Just like this: when Coleen suspected that Rebekah Vardy was behind the leaks, she hid her Instagram stories from every follower except RV, and waited. She watched and waited for weeks, months. Sometimes nothing happened—but other times, a post which only Rebekah had seen appeared in The Sun. Coleen finally had definitive proof. But even that wasn’t enough in a court of law—someone else running Rebekah’s account could have leaked the story. This is where Rebekah’s PR agent Caroline Watt comes into play. Caroline also helped run Rebekah’s account. Doesn’t that deflate the idea that Rebekah was the leak? It wasn’t me, Rebekah said. It was my PR agent.
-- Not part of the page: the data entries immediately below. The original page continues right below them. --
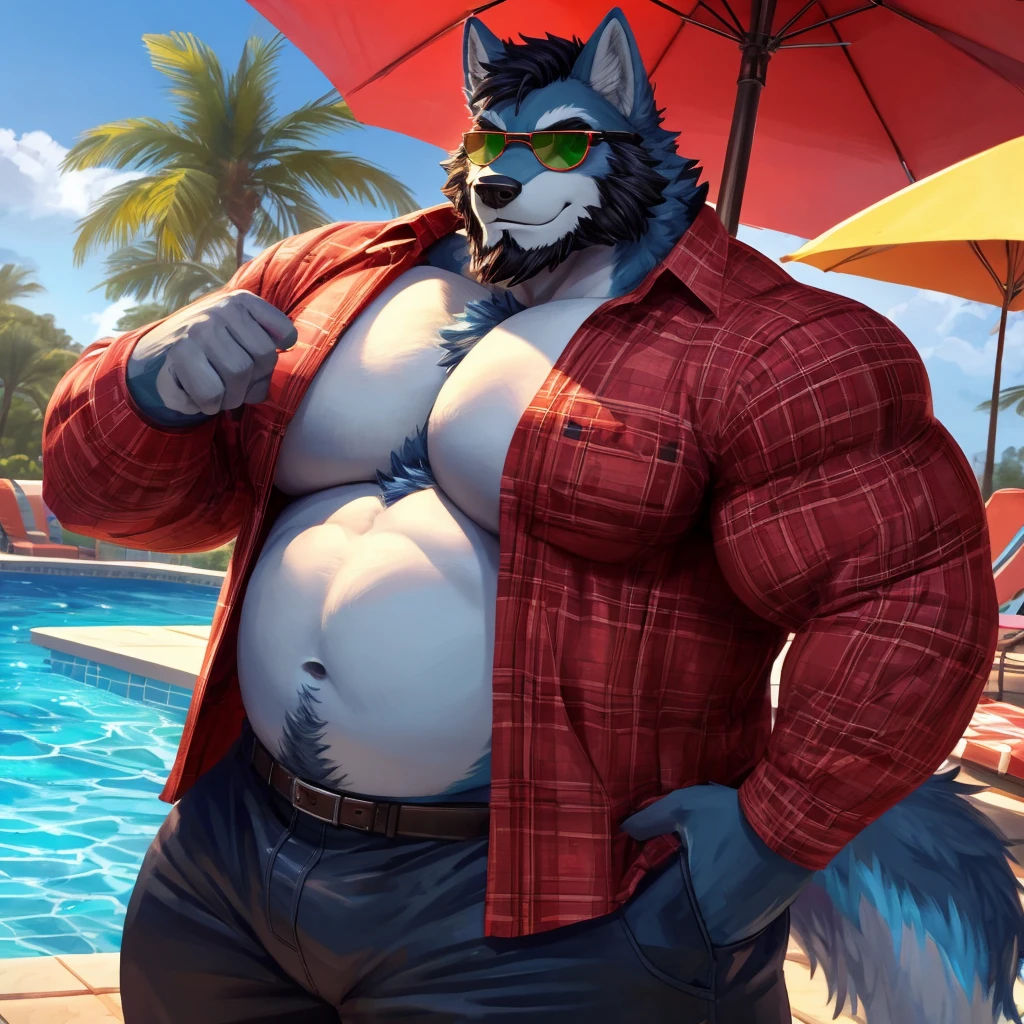 ((best quality)), ((masterpiece)), (Ultra detailed), ((4k)).

Anthro Wolf , Light Blue Fur , Short Hair(Red Color) , Beard(Black Color) , Handsone , Good Looking , Green Eyes ,(Eyes Details), Middle Ages , Huge Pecs , muscle Fat Belly , cute pose , sunglasses , Pool Party

Long Sleeve Shirt , Thight long Pant , Model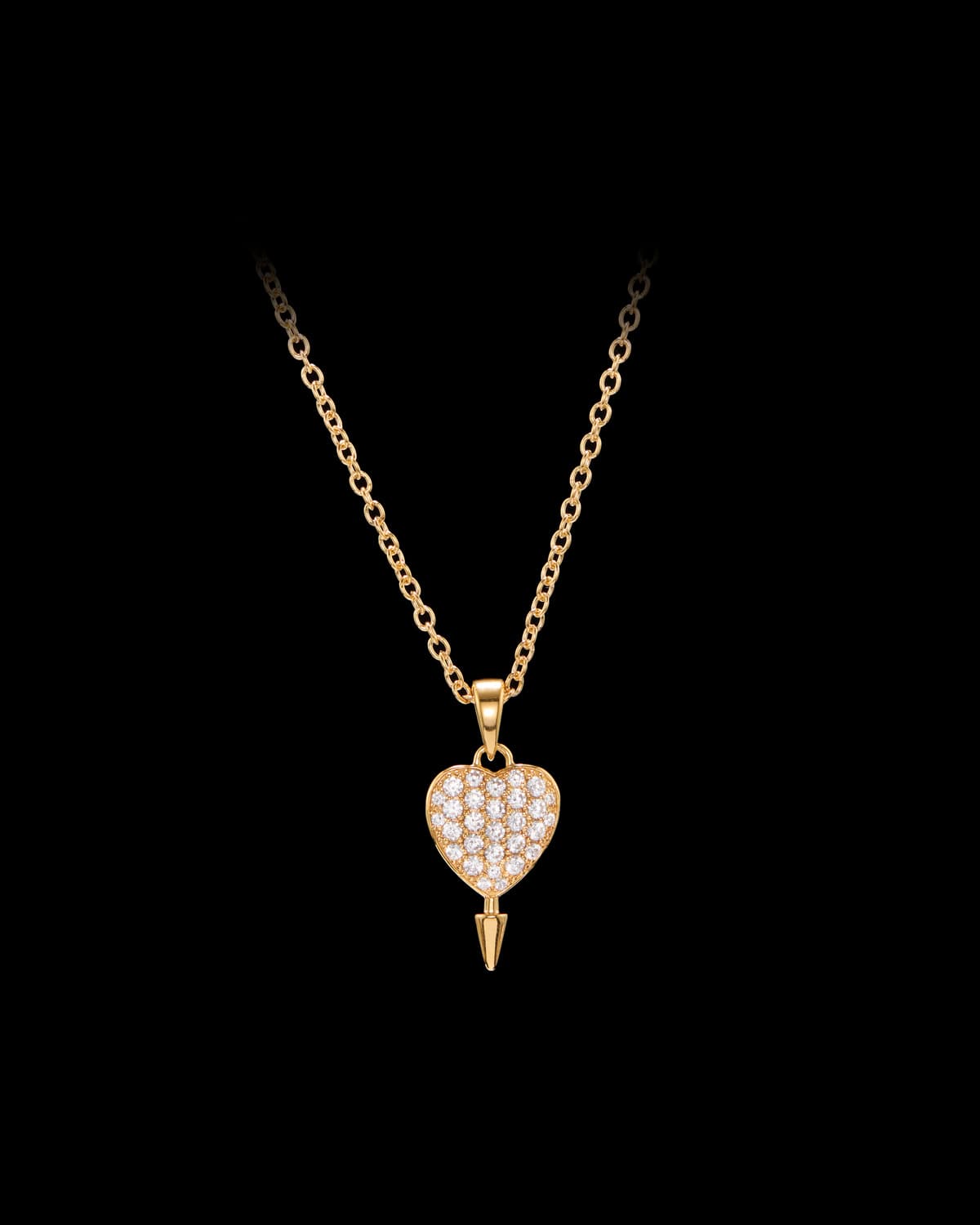 Hazy Heart Necklace - Gold-plated Silver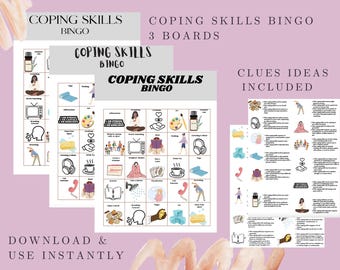 Coping Skills Bingo, Self Care Bingo, Mental Health Bingo, Therapy Bingo, Mental Health Games, Teacher Ideas, Wellness Games, Games for Kids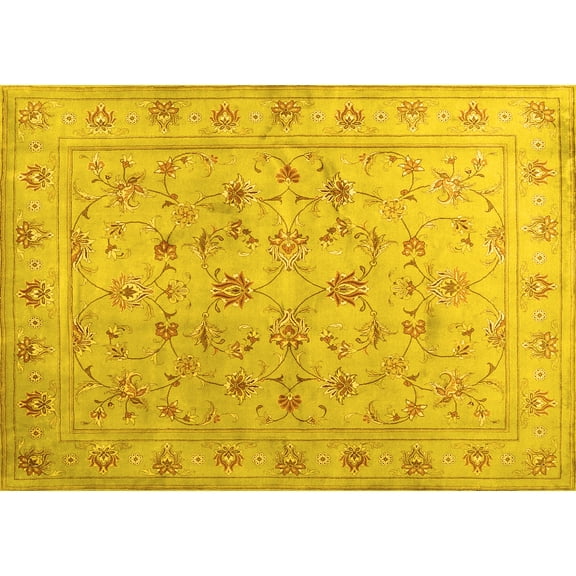 Ahgly Company Indoor Rectangle Abstract Yellow Contemporary Area Rugs, 5' x 7'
The most marked impression that comes from this documentary is what an unpleasant person Rebekah is, and what a brave, moral person is Coleen. The judge essentially ruled on this basis. Coleen really does have a very private Instagram account made up of three hundred people—friends, colleagues and family members—who have her back, and would never leak her stories to the press. Rebekah simply couldn’t believe it. That’s why she assumed she’d get away with leaking stories, because she thought there would be so many other bad people following Coleen who’d do the same. But there weren’t. No one else in Coleen’s life would do that.
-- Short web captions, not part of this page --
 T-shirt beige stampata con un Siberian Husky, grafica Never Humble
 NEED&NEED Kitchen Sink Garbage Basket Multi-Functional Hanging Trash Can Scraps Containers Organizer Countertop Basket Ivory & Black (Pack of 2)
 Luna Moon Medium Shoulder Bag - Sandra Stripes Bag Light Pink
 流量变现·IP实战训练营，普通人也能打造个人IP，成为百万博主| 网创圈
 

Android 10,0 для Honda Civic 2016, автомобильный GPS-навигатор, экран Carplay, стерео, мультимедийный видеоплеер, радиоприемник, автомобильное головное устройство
One does feel sorry for Rebekah, as awful as she is. I don’t particularly enjoy watching someone humiliated so publicly. Coleen. But she is awful. And she started it. By the end of the court battle, Rebekah throws her poor accomplice Caroline Watt under the bus. She claims she had no idea about the leaks, and that Caroline Watt orchestrated it all. Coleen’s lawyers demand to see the WhatsApp messages between the two women, and the judge agrees. Laughably, Rebekah’s team submits the messages with huge black bars disguising the text. Judge says: try again. The second time round, Rebekah is forced to reveal every detail of every WhatsApp message between her and Caroline, and it’s not pretty. ‘How funny that Coleen can’t prove it’, says Rebekah in one of her messages, ‘but it was me.’
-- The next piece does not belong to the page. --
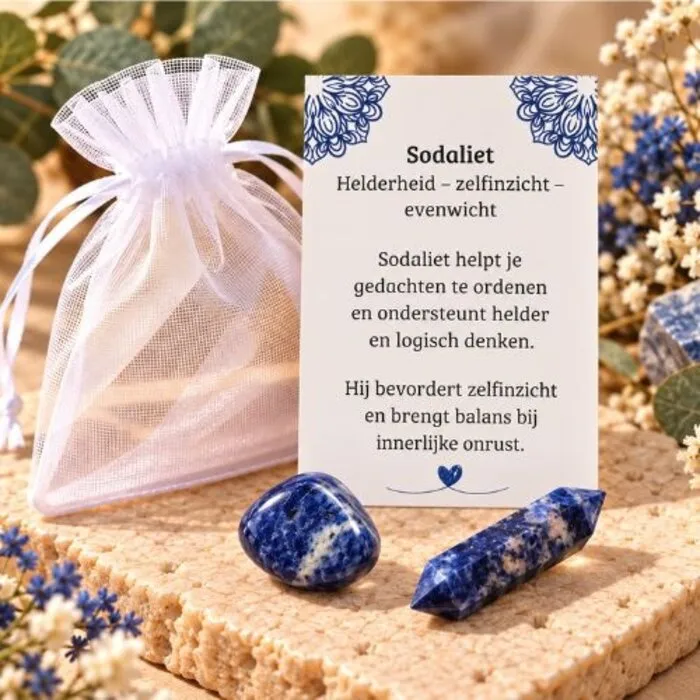 Sodaliet Cadeauset Helderheid & Zelfinzicht – Trommelsteen, Dubbele Punt & Betekeniskaartje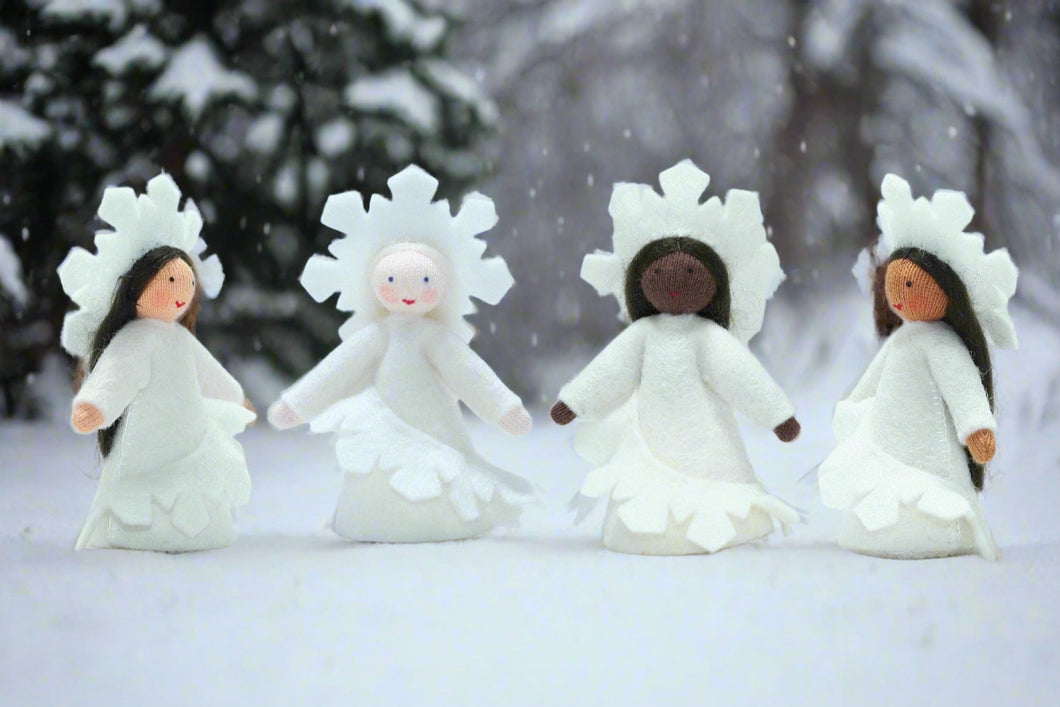 Handmade Snowflake Fairy Doll by Ambrosius – Eco-Friendly Wool Felt Waldorf Toy from Eco Flower Fairies LLC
Disney+ hit the nail on the head with this one. It has everything we’d want in a documentary—true crime, espionage, warring wives, newspaper headlines—and behind it all, a moral tale of a good woman who is a good mother and wife. That is how Coleen sees herself. She is a traditional stay-at-home mum and she has proven that stay-at-home mums can wield as much power and influence as their celebrated working husbands. And she did it all on her own. Coleen didn’t have a team of lawyers when she was putting the case together against Rebekah Vardy. She single-handedly built a case which exposed the seedy, immoral ways in which newspapers like The Sun operate—and she won. She did all that while ferrying her four boys to school and football clubs day after day. One of her friends joked that Coleen had set up an office in her SUV. She’s not wrong—Coleen had binders, notepads, sticky notes, print-outs of Instagram posts, timelines, all laid out in the passenger seat while she waited outside the boys’ football club. Every mother knows how much time is spent waiting in cars during after-school clubs, and Coleen used that time to build a case against someone who was invading her and her family’s privacy. It could all seem like such a waste of time—so unnecessarily stressful to wade through years’ worth of social media posts and tabloid headlines.
But in the end, a judge ruled that Coleen’s efforts were worthy of upholding in a court of law. How’s that for a stay-at-home mum? I hope the world agrees soon—‘WAG’ doesn’t quite cut it with Coleen Rooney. Her legacy will be the moral battle that she fought in court and in front of the world’s media, and won.